Under the model, neighborhood precincts would have been replaced with fewer, but larger and better-staffed vote centers where anyone could vote or drop off their mail-in ballot for up to 10 days before Election Day.
Kelley’s report on the proposal noted that vote centers would eliminate the need to provide and account for provisional ballots for people voting at the wrong polling station, and it would allow poll workers to quickly verify the identity of voters via electronic poll books.
The system was expected to cost up to $14 million, compared to up to $40 million that Kelley estimated is needed to replace the county’s outdated voting machines.
“It looked like a very efficient, cost-effective model to move towards,” he told KPCC.
Still, the five Republican board members voted against the measure at their recent meeting without discussing it publicly or explaining the reasoning behind their votes. None of the supervisors responded to requests for comments on Wednesday.
Supervisor Todd Spitzer told the Orange County Register that he was concerned about potential voter fraud and said he wanted to evaluate other statewide changes to voting in 2018, including same-day voter registration, before making additional changes.
California Secretary of State Alex Padilla said he was "stunned and deeply disappointed” by the board of supervisors’ vote. Padilla sponsored a bill, AB 450, designed to phase in the vote center model across the state.
"The Orange County Board of Supervisors had an opportunity to, frankly, be a leader in the state and across the country in empowering their voters with choices of when, where and how to cast a ballot and, by the way, save significant money in the process, and they chose not to do that,” Padilla said.
Counties that adopt the vote center model will mail ballots to all registered voters before election day. Voters can mail in their ballots, drop them off at vote centers or vote in person at any vote center in the county.
Most Republican legislators voted against the bill, which Governor Jerry Brown signed into law in September.
Sacramento County recently adopted the vote center model, and Secretary of State Padilla said he expects more to follow.
Colorado began implementing vote centers across the state several years ago, and seven other states besides California, including Texas and Arkansas, allow for vote centers to be used before and on election day, according to the National Conference of State Legislatures.
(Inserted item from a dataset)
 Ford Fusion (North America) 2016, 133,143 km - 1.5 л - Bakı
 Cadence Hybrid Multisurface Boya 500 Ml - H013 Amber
Justin Levitt, an expert on voting at Loyola Law School, said the vote center model should increase turnout by making it more convenient for people to vote.
“The vote center model is based on bringing the polls to voters rather than bringing voters to the polls,” he said. "It makes sure people can show up and cast their ballots where they wish ... rather than forcing people to go to a particular location at a time that’s not particularly convenient.”
He said there’s no more risk of fraud under the voting center model than under the current model.
The Pew Charitable Trusts found that Colorado counties using vote centers in the 2014 general election spent 40 percent less per vote than under its prior precinct model and the use of provisional ballots declined by nearly 98 percent. The study didn't address fraud.
An Orange County grand jury released a report earlier this year that found “no evidence of widespread or organized voter fraud or vote interference in Orange County election processes.”
The grand jury also concluded that vote centers as contemplated under AB 450 "will promote voter turnout, provide longer timeframes for ballot casting, maintain the security of the voting process, and preserve election integrity in the years ahead."